The heat exchanger 208 heats the working fluid 102 through a boiler or other heat exchanging device. The heat exchanger 208 may receive heat from the heat plant 206 through a thermal loop circulating between the heat exchanger 208 and the heat plant. Example heat exchangers 208 are described in more detail below in connection with FIGS. 5-8.

The piping and other elements of the lift stages 210 may be insulated or uninsulated, pressurized or not pressurized and thermally treated or not treated. Insulation may be preferred to reduce heat loss and/or condensation of the vapor. In one aspect, the lift stages 210 may comprise low or lower pressures inside the upstream pipe with vapor pumps with thermal heaters reheating the vapor, or gas, to prevent condensation and pressures reaching critical pressure points.

The lift conduit 112 comprises a plurality of lift stages 210. In one aspect of the disclosure, the lift stages 210 may each comprise uprising piping, thermal elements such as heat exchangers to heat, including to reheat, or maintain the vapor state of the working fluid 102, and/or vapor, or gas, pumps to lift the working fluid 102 through successive lift stages 210 from the base plant 110 to the elevated plant 114. In one aspect of the disclosure, the vapor pumps may comprise fans or turbines configured to create a current to lift the working fluid 102 or other vapor movement or displacement devices. The lift stages 210 may comprise control, check and other valves for controlling working fluid 102 lift in the lift stages 210.

In one aspect of the disclosure, a subset of lift stages 210 may be configured to use solar and/or other energy to heat and lift the working fluid 102 as described in more detail below in FIG. 9. The remaining lift stages 210 may be configured to use waste heat and/or power from the power generation conduit 116 to heat and lift the working fluid 102 as described in more detail below in FIG. 10. The number, spacing and type of the lift stages 210 may vary based on lift elevation and working fluid 102 type.
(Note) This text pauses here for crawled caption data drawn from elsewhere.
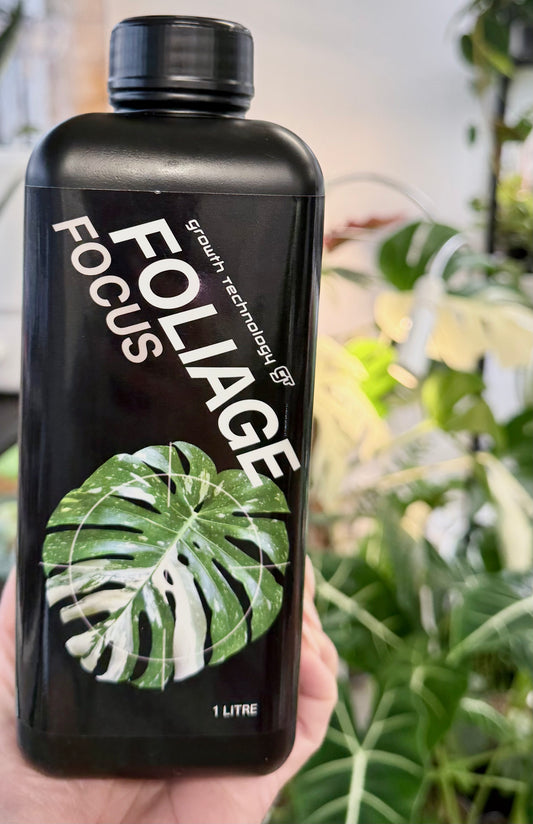 GT Foliage Focus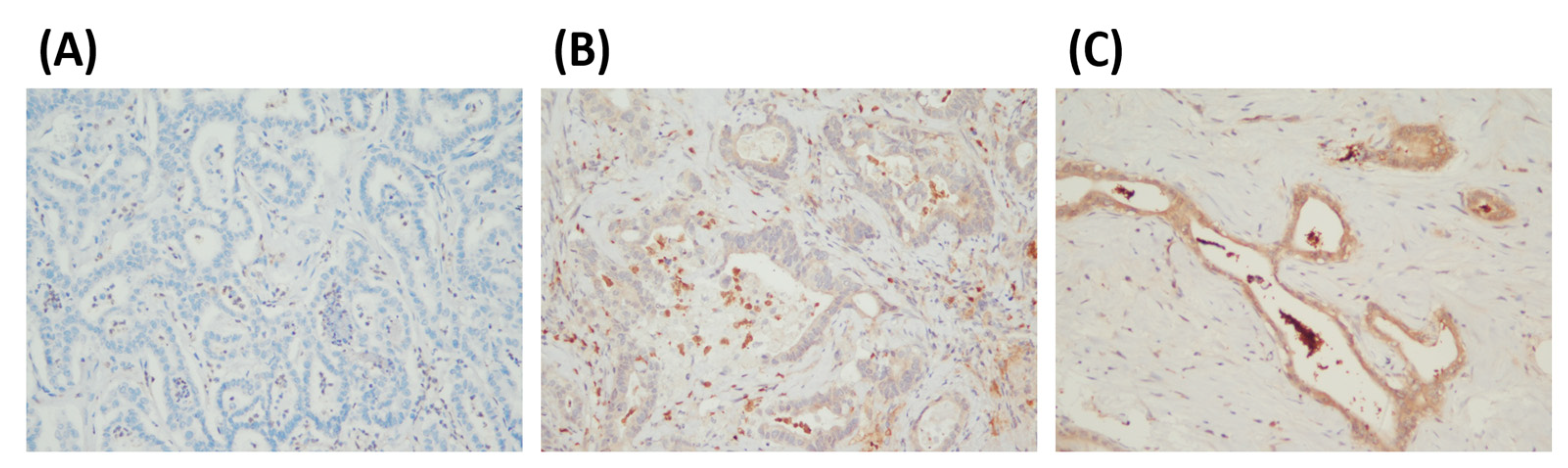 Cancers 15 04131 g002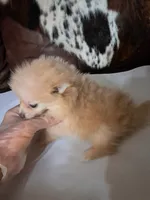 Rascal the 3rd, a male Pomeranian for sale in Abilene, TX – Photo 5 of 9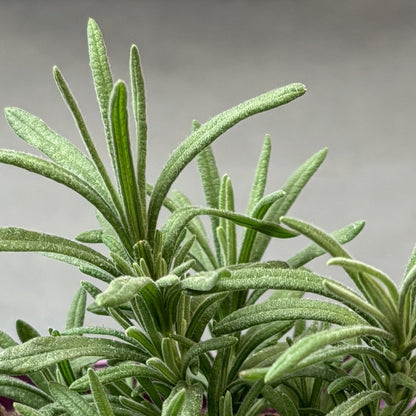 Lavender 'Primavera' Spanish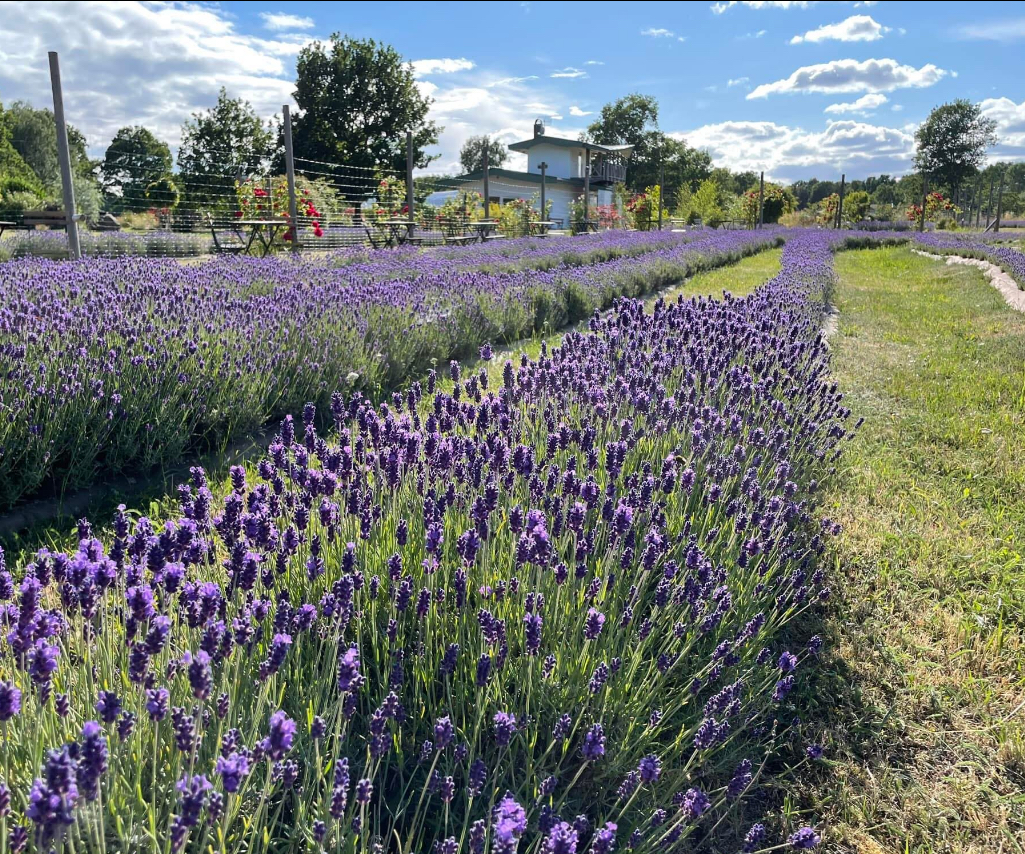 Lavendel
The elevated plant 114 comprises a condenser 220 and store tanks 222. The condenser 220 receives the working fluid from the lift conduit 112 and condenses the working fluid for storage in tanks 222. An example condenser 220 is described in more detail below in connection with FIG. 11.

The tanks 222 may be connected in series or otherwise suitably connected. The tanks 222 are connected or otherwise coupled to condenser 220 through piping 224. In one aspect of the disclosure, elements are connected by piping with control, check, expansion and other valves. The working fluid 102 is held in tanks 222 until power generation is needed, at which time the working fluid is discharged or flowed to the power generation conduit 116.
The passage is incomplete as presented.